**THE TASK:** Once you reach the line with "Urban Night Scene" in the material below, copy each line exactly up to and including the line with "elegant city skyline", and skip the pictures.

**STORED DATA:**
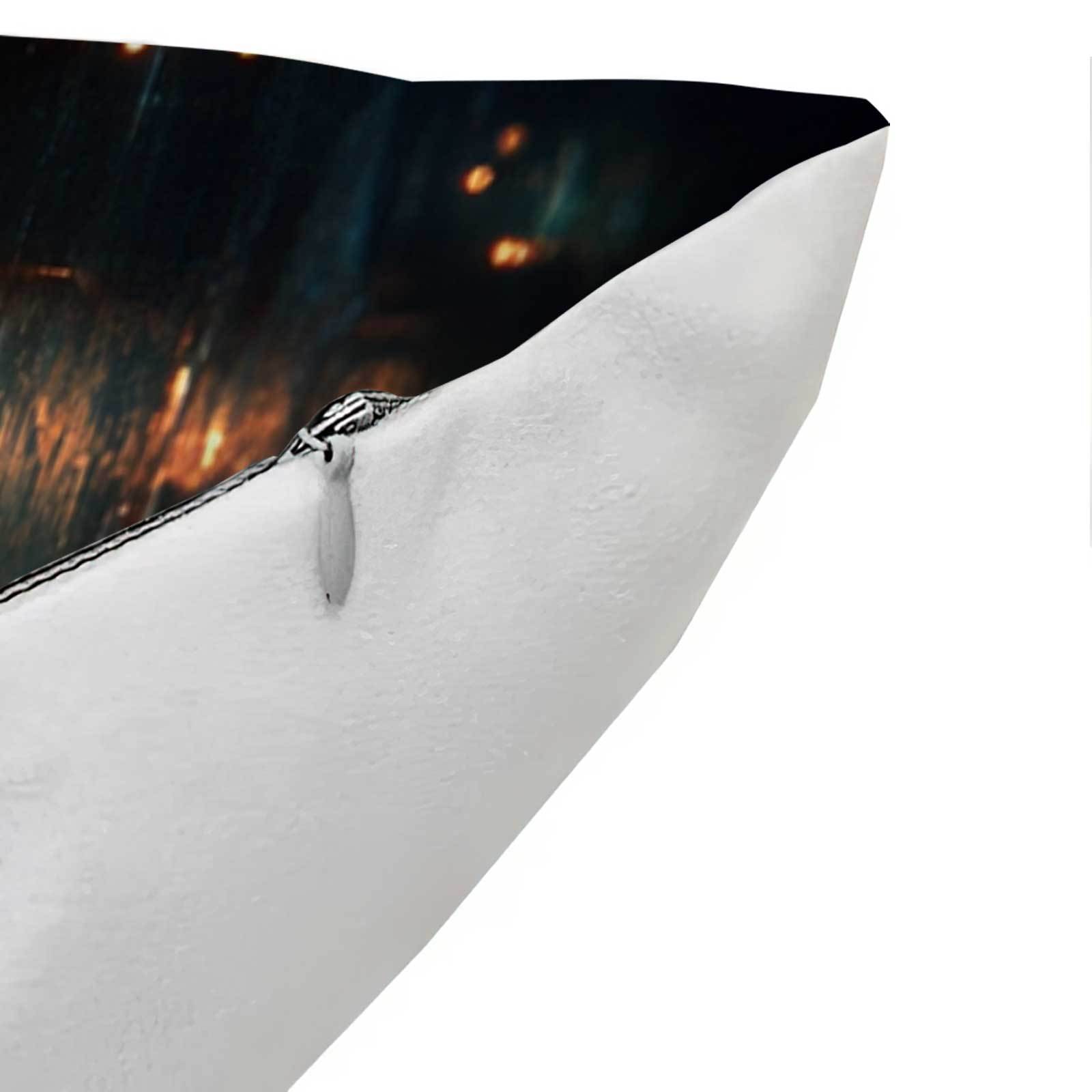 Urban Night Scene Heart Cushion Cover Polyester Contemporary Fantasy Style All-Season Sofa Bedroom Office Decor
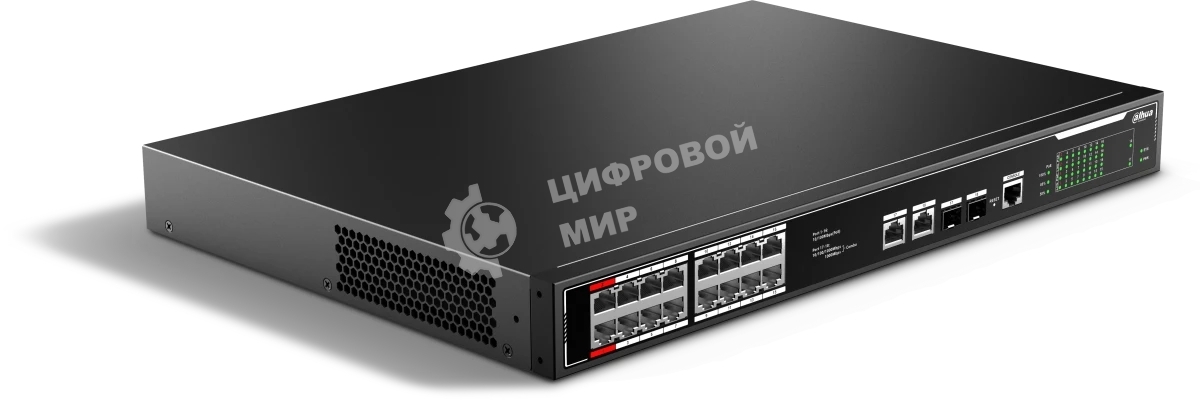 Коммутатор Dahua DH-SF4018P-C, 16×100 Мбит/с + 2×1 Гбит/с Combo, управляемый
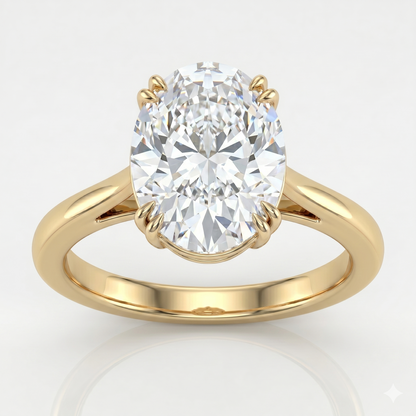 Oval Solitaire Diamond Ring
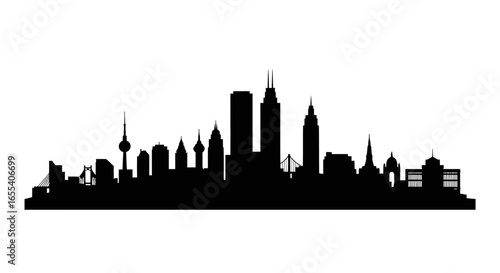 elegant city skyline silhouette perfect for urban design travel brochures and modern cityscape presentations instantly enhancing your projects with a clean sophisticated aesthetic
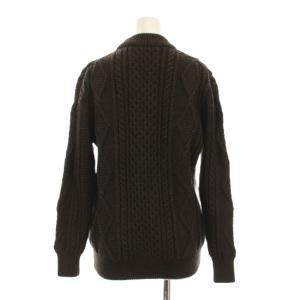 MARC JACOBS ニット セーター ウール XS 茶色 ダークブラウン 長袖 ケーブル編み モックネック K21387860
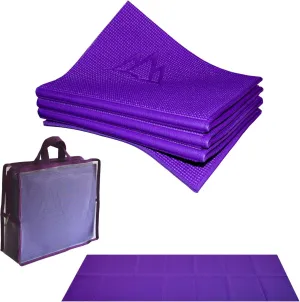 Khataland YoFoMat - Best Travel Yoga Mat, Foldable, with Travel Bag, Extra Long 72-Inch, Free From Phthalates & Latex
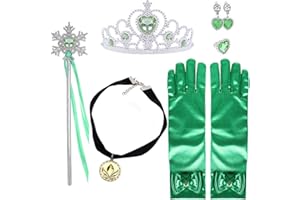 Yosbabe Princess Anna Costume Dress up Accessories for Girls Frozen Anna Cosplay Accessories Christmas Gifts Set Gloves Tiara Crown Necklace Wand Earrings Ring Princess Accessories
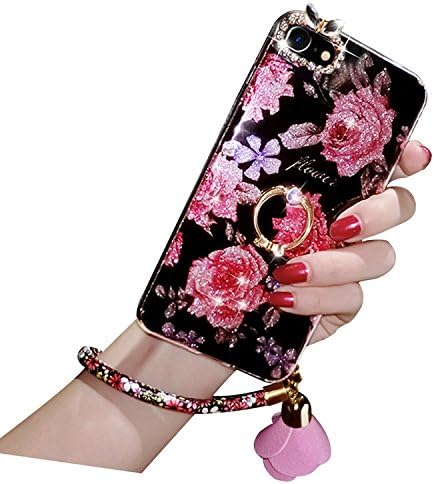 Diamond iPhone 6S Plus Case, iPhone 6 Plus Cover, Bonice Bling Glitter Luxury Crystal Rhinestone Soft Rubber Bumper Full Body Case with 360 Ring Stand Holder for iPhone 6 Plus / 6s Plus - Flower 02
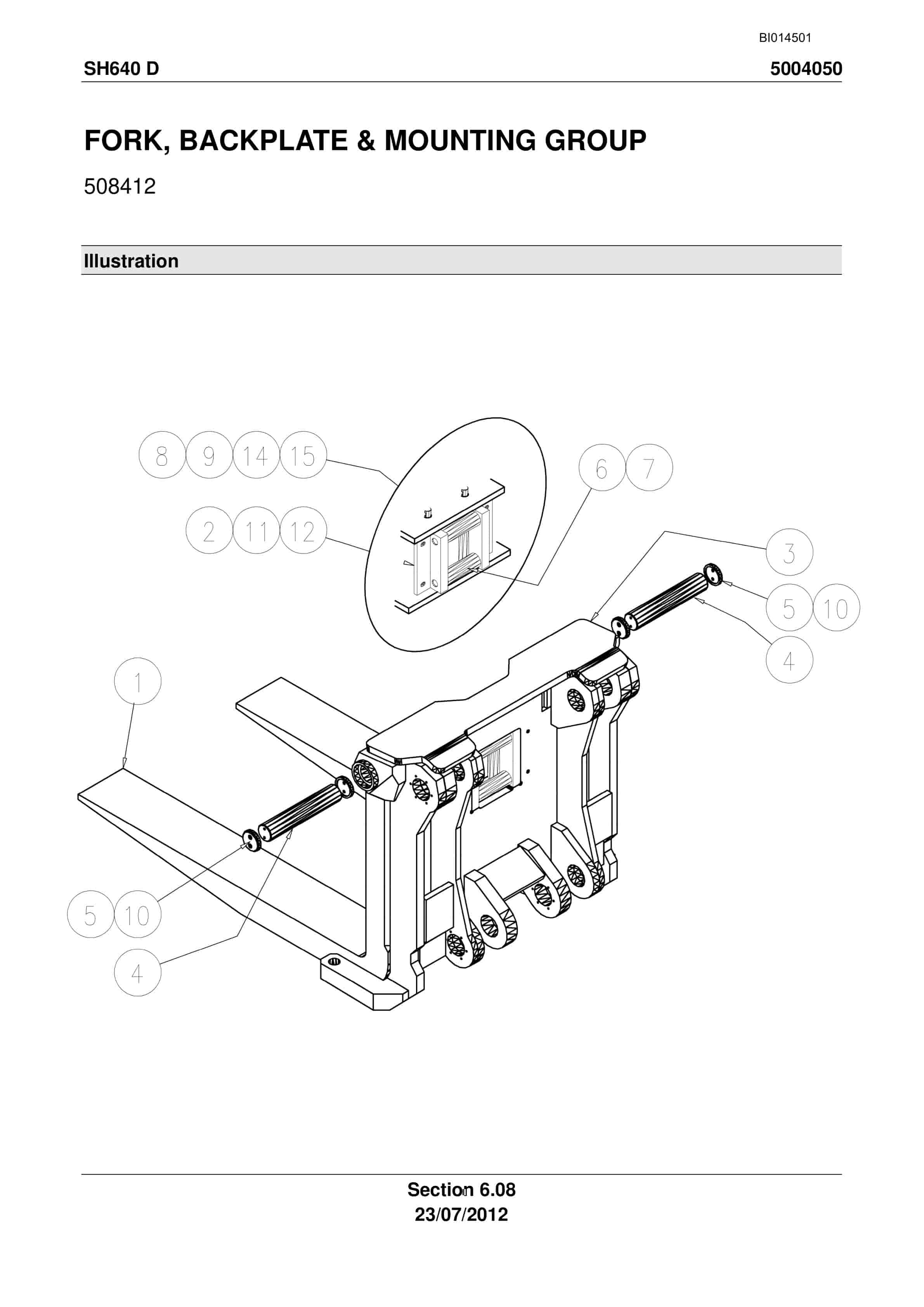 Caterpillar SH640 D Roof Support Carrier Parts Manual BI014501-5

---

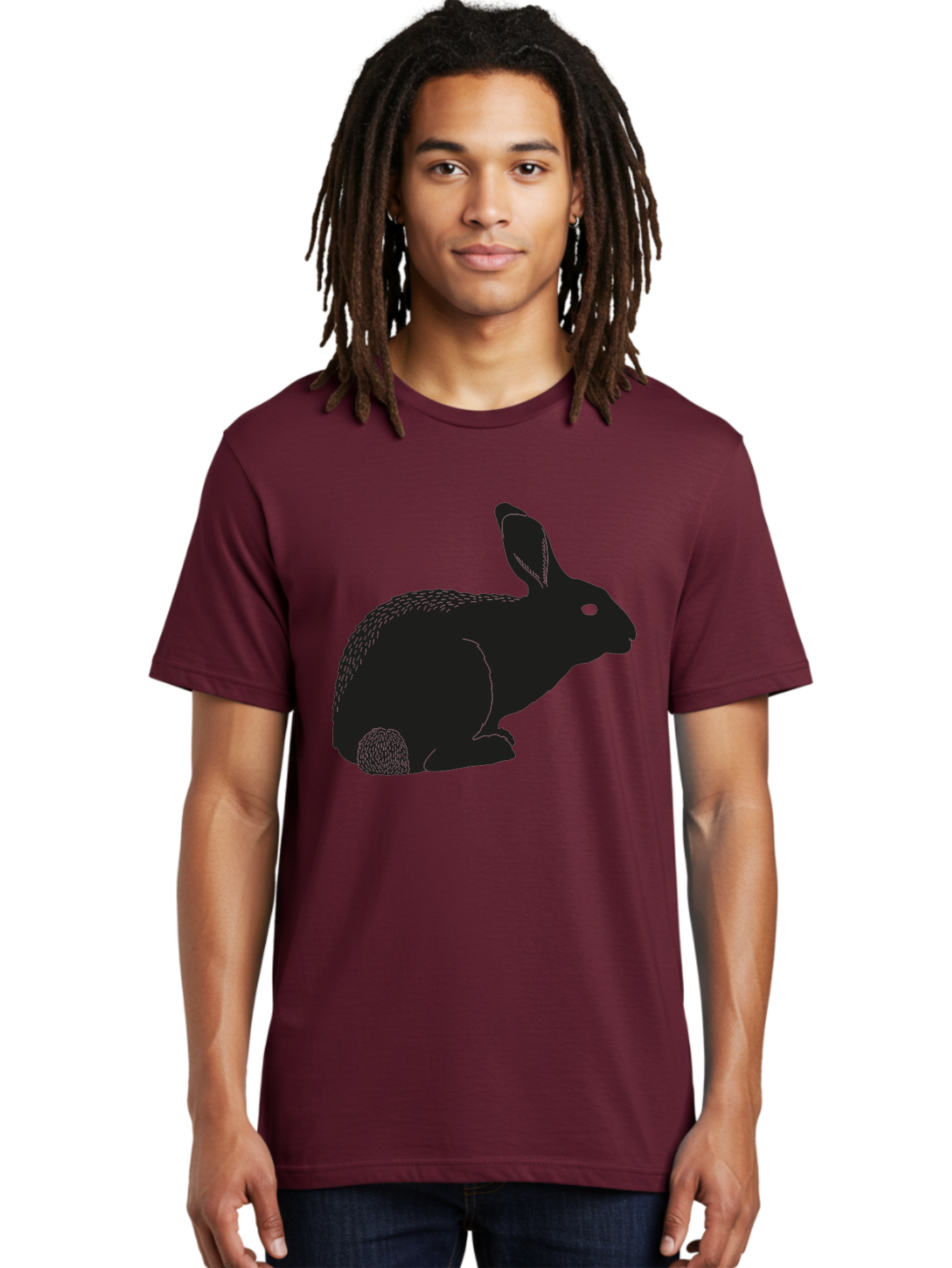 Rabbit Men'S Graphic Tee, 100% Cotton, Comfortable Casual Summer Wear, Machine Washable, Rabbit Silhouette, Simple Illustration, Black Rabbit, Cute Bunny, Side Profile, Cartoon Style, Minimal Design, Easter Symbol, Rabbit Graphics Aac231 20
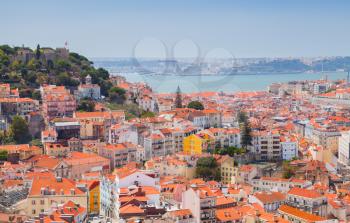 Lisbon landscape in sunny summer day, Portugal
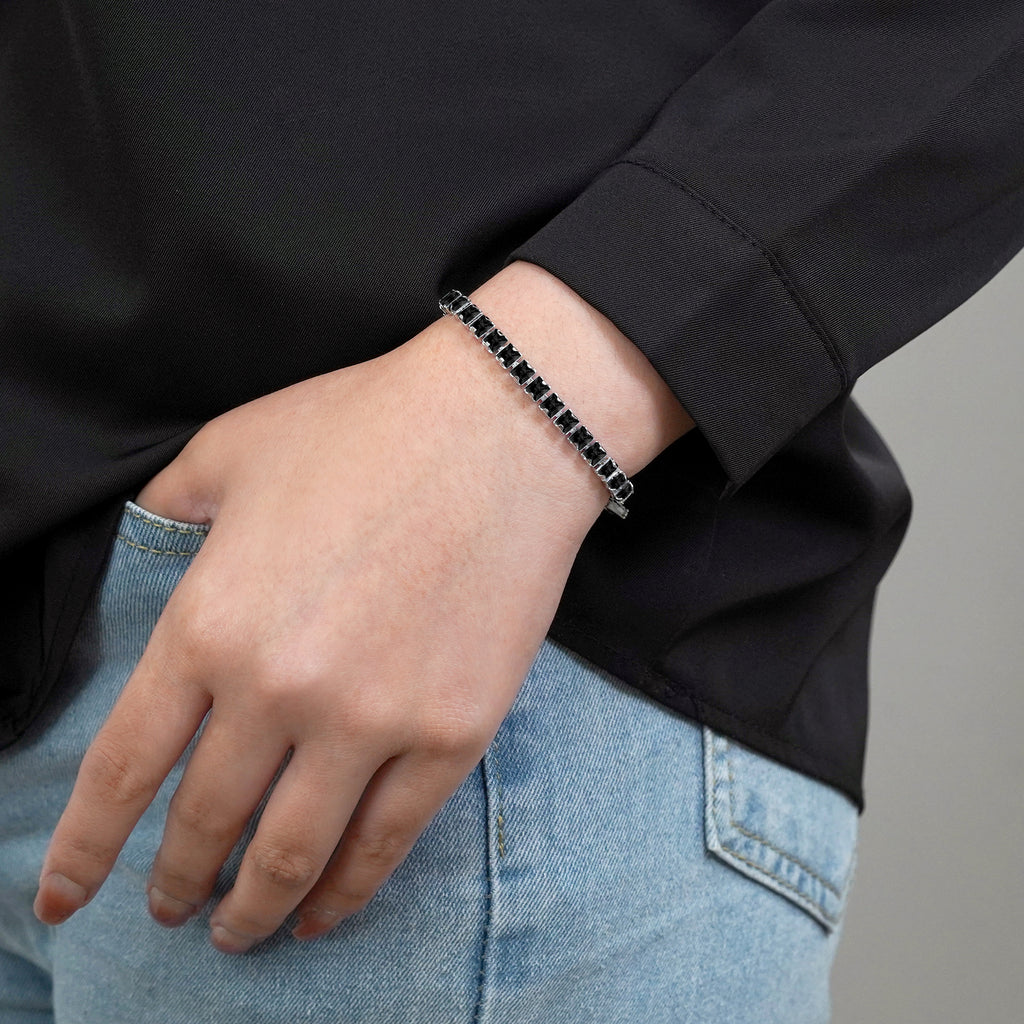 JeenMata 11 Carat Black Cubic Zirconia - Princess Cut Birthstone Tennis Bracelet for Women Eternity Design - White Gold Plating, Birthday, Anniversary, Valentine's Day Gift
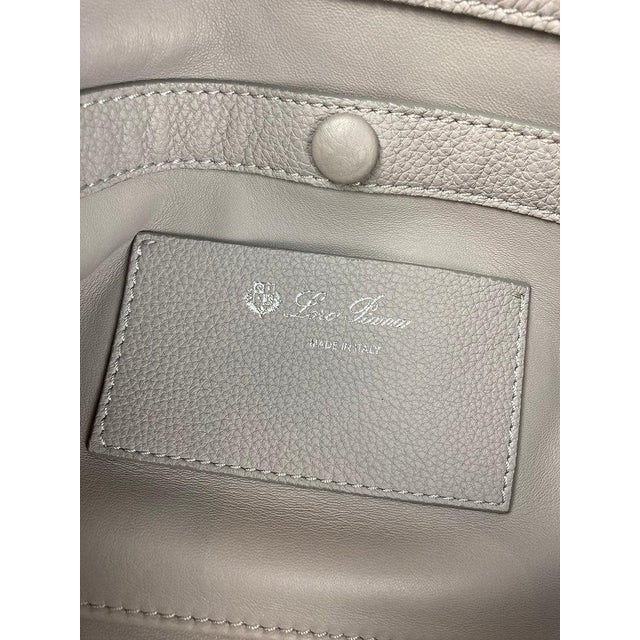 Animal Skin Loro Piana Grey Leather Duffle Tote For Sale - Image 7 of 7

==

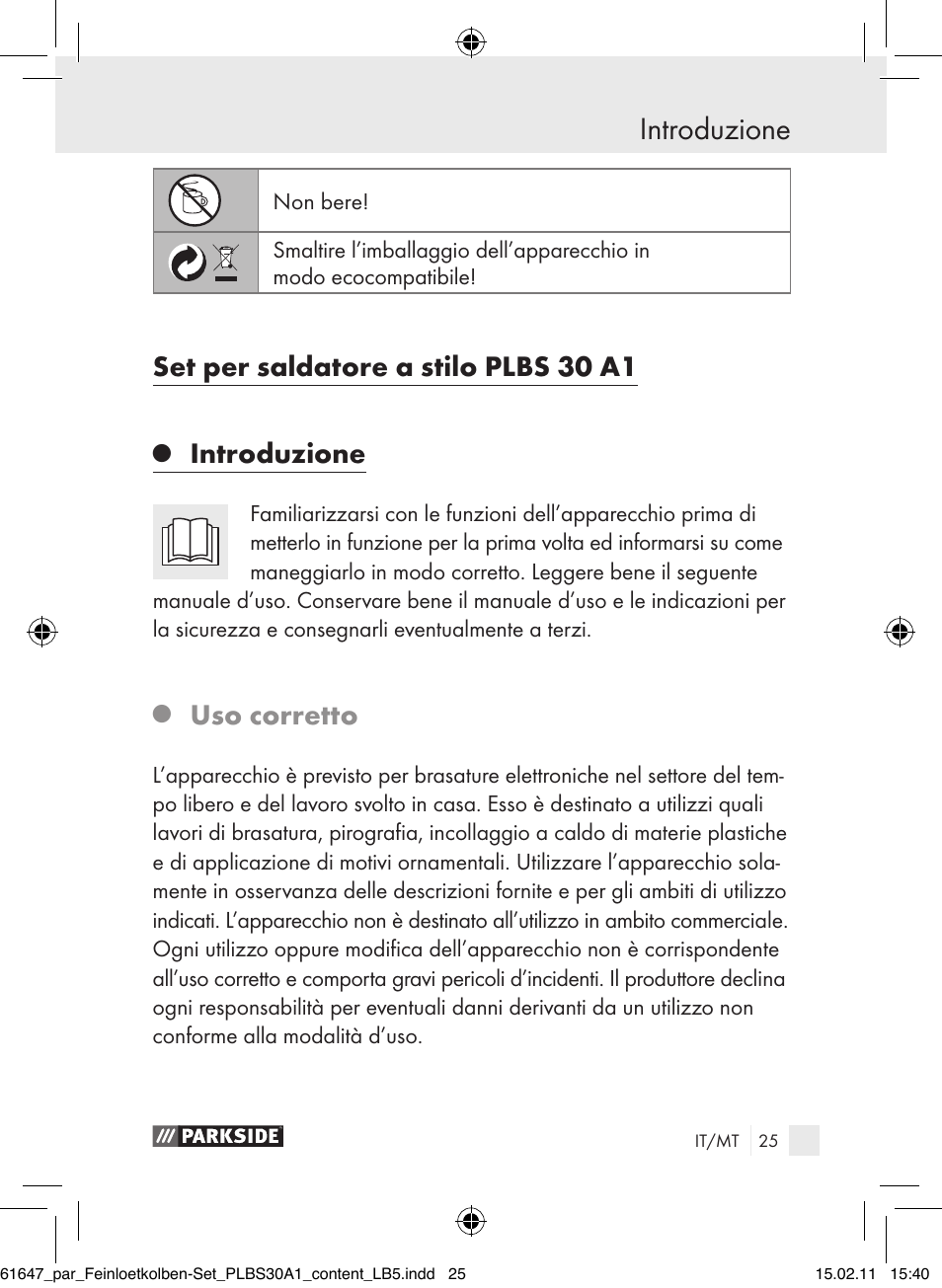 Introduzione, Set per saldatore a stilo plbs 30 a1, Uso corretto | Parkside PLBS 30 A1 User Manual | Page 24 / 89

**SOLVED PROBLEM:**
 Urban Night Scene Heart Cushion Cover Polyester Contemporary Fantasy Style All-Season Sofa Bedroom Office Decor
 Коммутатор Dahua DH-SF4018P-C, 16×100 Мбит/с + 2×1 Гбит/с Combo, управляемый
 Oval Solitaire Diamond Ring
 elegant city skyline silhouette perfect for urban design travel brochures and modern cityscape presentations instantly enhancing your projects with a clean sophisticated aesthetic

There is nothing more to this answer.